Being asked to learn is harder – you can pick up what you need to know pretty quickly – the challenge is taking the time to practise and fail and reflect and try again and learn and go round the loop again.
But if you can do that you will get better – it’s impossible not to, and things will change – it’s impossible for them not to.
They will change because of the actions you are taking and the practise you are doing and the way in which you are learning.
Change needs action.
They won’t change however many videos you watch about how to reprogram your mind.
And action needs you to know what actions are good ones to take.
And you learn that by finding good people to show you how to do it – good people that you can model and learn from.
So spend some time finding people who are right for you in your situation, people who have put their work out there and talked and written about why they do what they do to help others like you learn.

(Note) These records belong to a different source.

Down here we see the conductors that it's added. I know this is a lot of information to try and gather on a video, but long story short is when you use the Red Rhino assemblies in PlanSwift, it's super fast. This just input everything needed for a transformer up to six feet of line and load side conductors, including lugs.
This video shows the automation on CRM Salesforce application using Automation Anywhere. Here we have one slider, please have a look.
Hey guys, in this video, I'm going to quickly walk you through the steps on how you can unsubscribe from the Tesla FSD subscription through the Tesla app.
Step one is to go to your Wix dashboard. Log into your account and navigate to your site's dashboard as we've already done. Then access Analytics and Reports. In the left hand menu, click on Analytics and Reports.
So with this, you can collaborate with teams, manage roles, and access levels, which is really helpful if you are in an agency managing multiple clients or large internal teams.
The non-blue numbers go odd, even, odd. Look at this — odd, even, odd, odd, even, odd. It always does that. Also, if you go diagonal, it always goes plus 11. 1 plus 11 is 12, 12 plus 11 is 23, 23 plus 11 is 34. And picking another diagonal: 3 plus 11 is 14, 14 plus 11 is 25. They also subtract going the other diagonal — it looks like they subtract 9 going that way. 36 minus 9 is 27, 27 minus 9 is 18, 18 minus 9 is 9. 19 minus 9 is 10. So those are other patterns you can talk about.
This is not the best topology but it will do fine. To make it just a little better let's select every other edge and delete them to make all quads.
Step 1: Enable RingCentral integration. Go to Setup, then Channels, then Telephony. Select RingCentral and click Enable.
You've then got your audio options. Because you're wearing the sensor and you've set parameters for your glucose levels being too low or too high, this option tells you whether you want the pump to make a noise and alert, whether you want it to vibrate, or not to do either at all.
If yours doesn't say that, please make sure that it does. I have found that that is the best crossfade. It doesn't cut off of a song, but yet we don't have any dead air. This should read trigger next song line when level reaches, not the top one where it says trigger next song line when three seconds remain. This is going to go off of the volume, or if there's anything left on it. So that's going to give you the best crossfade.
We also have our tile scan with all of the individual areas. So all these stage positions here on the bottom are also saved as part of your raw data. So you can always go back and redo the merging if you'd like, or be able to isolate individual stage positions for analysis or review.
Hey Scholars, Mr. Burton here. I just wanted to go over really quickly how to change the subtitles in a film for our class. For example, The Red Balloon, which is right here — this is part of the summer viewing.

Watch videos, read interviews with successful people in your field, sift through and comb the material for ideas that you can test and practise with and make your own.
Pull out what seem like the main points, the critical success factors and make them part of your own process, your way of thinking and living and acting.
Because any change you make, anything you improve will only come from the actions you take.
And that’s where the profession of acting may have something to teach you.